Dans l’enceinte de l’Assemblée nationale, Jean Boulet exprime sa gratitude autant aux députés d’opposition qui le houspillent qu’aux journalistes qui l’assaillent de questions. « J’aime le jeu de la négociation, les discussions. Puis je dis souvent : je veux agir comme les Québécois aimeraient [que j’agisse] s’ils nous regardaient continuellement »,explique l’élu en entrevue, qui, par ailleurs, gratifie d’un diminutif plusieurs des membres de sa garde rapprochée : Brigitte, « Bri » ; Fanny, « Fan » ; Maude, « Ma-Maude »…
Pas étonnant qu’il se soit hissé au second rang du palmarès des ministres les plus appréciés par les députés 2021 de La Presse, derrière le ministre de la Santé, Christian Dubé.
Du coup, plusieurs élus d’opposition n’arrivaient pas à croire qu’il ait signé en décembre dernier un micromessage sur Twitter pressant Ottawa de « fermer le chemin Roxham », qui est emprunté par des migrants irréguliers pour passer des États-Unis au Canada, « afin de ne pas surcharger notre système de santé ».
« Ce n’était pas totalement Jean Boulet », a fait valoir le ministre au Devoir, admettant que « la qualité humaine » de son message n’était « pas optimale ».
Plus de responsabilités
Au cours de l’automne dernier, Jean Boulet dissimulait mal ses ambitions de prendre aussi les rênes du ministère de l’Immigration, de la Francisation et de l’Intégration (MIFI), glissent des employés politiques et administratifs aux oreilles du Devoir. « Il veut lui aussi être dans le “kodak” », mentionne l’un d’eux. « Mais, il veut surtout que ça bouge », ajoute-t-il.

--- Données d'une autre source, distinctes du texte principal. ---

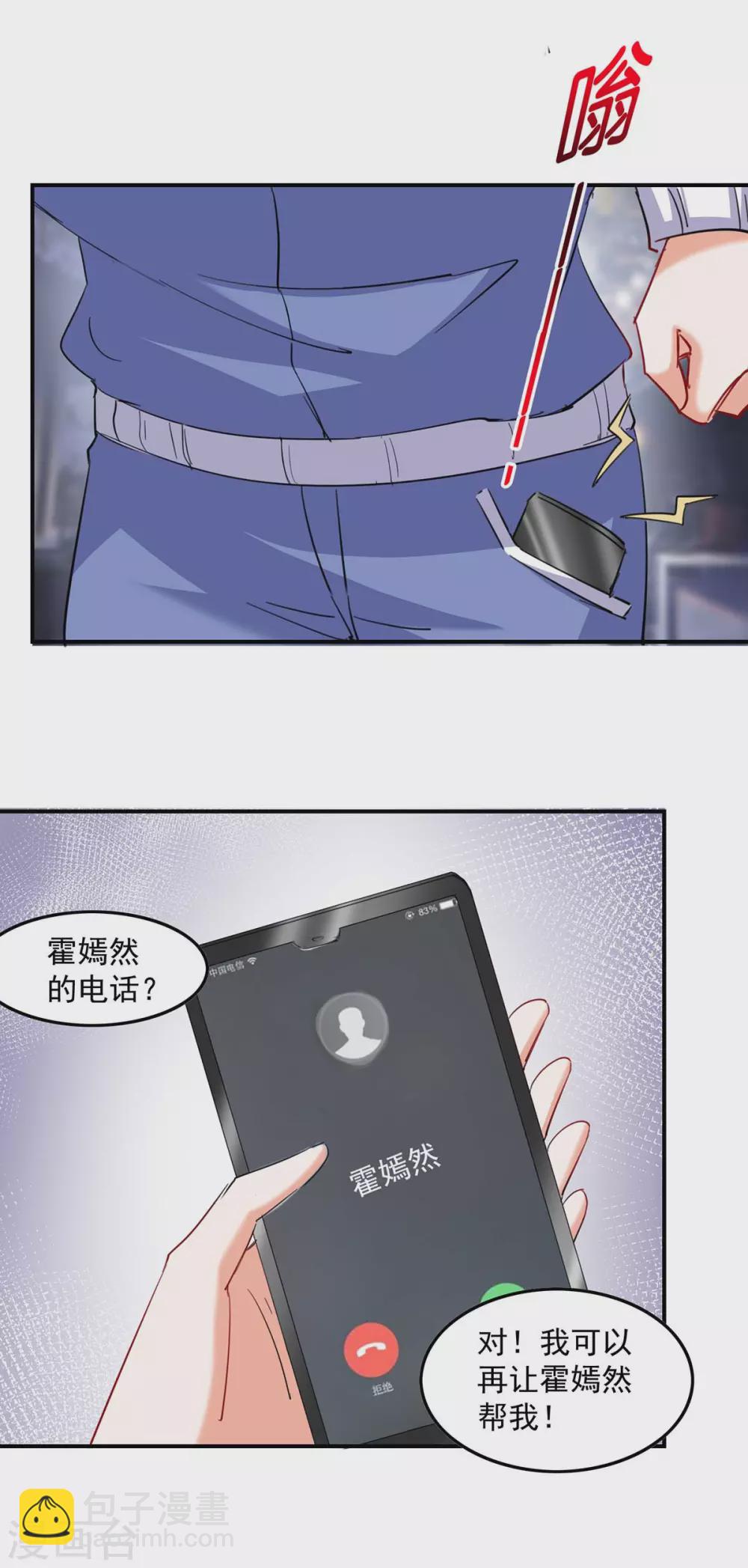 第164话 活着就有机会1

Fin novembre, le premier ministre lui a demandé de succéder à sa collègue Nadine Girault, qui souffre d’ennuis de santé, à la tête du MIFI.
Le responsable du MTESS et du MIFI, Jean Boulet, occupe une place stratégique pour surmonter la crise de la main-d’œuvre en s’attardant d’abord sur les postes « essentiels », « qualifiés » et « bien rémunérés ».
D’ici au prochain scrutin, la figure de proue de l’« opération main-d’œuvre » s’affairera à tirer « le plus possible » vers le haut non pas le nombre d’immigrants admis au Québec comme les organisations patronales le réclament à grands cris, mais la proportion d’immigrants francophones qui, selon lui, choisiront davantage de s’établir durablement en région, où les besoins en travailleurs sont les plus criants. « Que les gens viennent à Saint-Hyacinthe, à Val-d’Or et à Gaspé pour travailler et répondre de façon pratique aux besoins de notre marché de l’emploi, ça passe aussi par le français », fait valoir l’ex-président de la Chambre de commerce et d’industrie de Trois-Rivières.
M. Boulet prend soin de rappeler que le gouvernement fédéral doit traiter plus de 10 000 demandes de résidence permanente soumises en 2020 et 2021 par des personnes qui ont été sélectionnées par le gouvernement québécois, maîtrisent la langue française et occupent un emploi. « Il faut que ça débloque », répète l’élu caquiste. « On va se rencontrer toutes les trois semaines ou tous les mois, martèle-t-il, faisant référence à son homologue fédéral, Sean Fraser. On se distingue en politique par le suivi qu’on fait de nos dossiers. »
Au cours des prochains mois, il compte également rivaliser d’adresse pour attirer, toutes proportions gardées, plus d’étudiants étrangers francophones, y voyant une mesure « critique pour assurer la vitalité du français ». « Il faut éviter tout, tout processus d’anglicisation », insiste le ministre responsable de la région de la Mauricie.
« Avec les années, je suis devenu, je suis assez nationaliste », fait remarquer l’ancien militant du Parti libéral du Canada (PLC). Durant « la lutte intestine » entre Jean Chrétien et Paul Martin, il s’était rangé derrière le second. L’« intelligence », le « potentiel » et l’« ambition » du ministre des Finances qui aspirait à devenir premier ministre l’« impressionn[aient] ».
Au PLC, Jean Boulet s’était lié d’amitié avec Pablo Rodriguez et Jean Lapierre, duquel il a notamment retenu que « ce n’est pas uniquement ce qu’on a fait qui est important, c’est ce qu’on va faire ».